A leaked federal government document shows the government’s intention to take concession cards from pensioners and it will cost an individual up to $49.10 per fortnight.

All welfare payments under $20.02 will be scrapped.  Retirees who do not qualify for the full pension because of superannuation or assets, but receive the nominal amount, will not qualify for the health care card.

For retires, the cost of health, including prescription drugs can be formidable. These pensioners will also lose the pension rate car registration, license and council rates etc. Most of these people are not wealthy. Many have already had their pension cut via the recent change to the assets test and are in financial stress.

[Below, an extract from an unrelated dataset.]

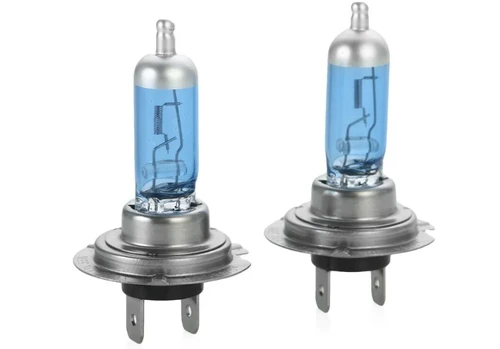 Лампы «Xenon Vision» H7 - 55 Вт, 6000 К Китай 8399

Some people on disability support and carers also face the loss.

Australian Council of Social Services (ACOSS) chief executive Dr Cassandra Goldie warned the government against welfare changes, saying Australia already has one of the most targeted systems of ­income support.

“Once again, this kind of proposal targets people on low and modest incomes to make savings,” Dr Goldie said.

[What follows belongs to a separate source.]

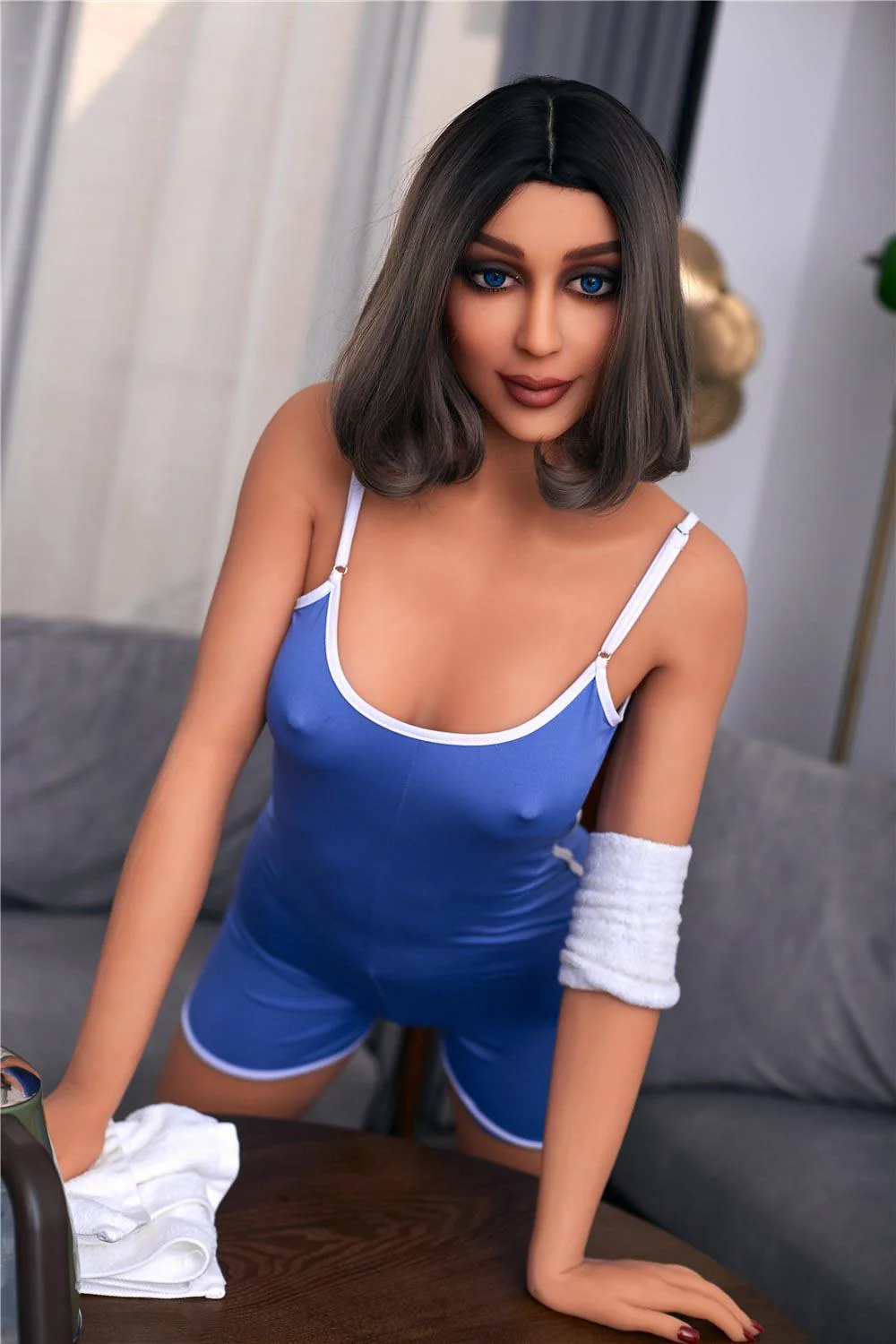 sex doll RCIrontech Doll -  Nichol - 168cm/5ft6 F-cup - TPE Sex Doll - R C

It is extraordinary that as the exposure of the treatment of welfare recipients through Centrelink continues to unfold, the Turnbull government is going for yet another measure to raise funds from some of the most vulnerable Australians. The government chooses to ignore the  evident public concern.

The suggestion that this is necessary to control the budget, convinces almost no-one. It is common knowledge that this comes at a time when the same government, refuses to act on corporate tax evasion and siphoning off funds to tax free havens. Practices that put a bigger hole into government finances that is saved by welfare cuts.

A good part of the reason for the demise of former treasurer Joe Hockey and why Turnbull replaced Tony Abbott as prime minister, was that they sighted the same target. Malcolm Turnbull promised then that his would be a more caring government.

There are a lot of Australian who feel let down by the betrayal of this promise.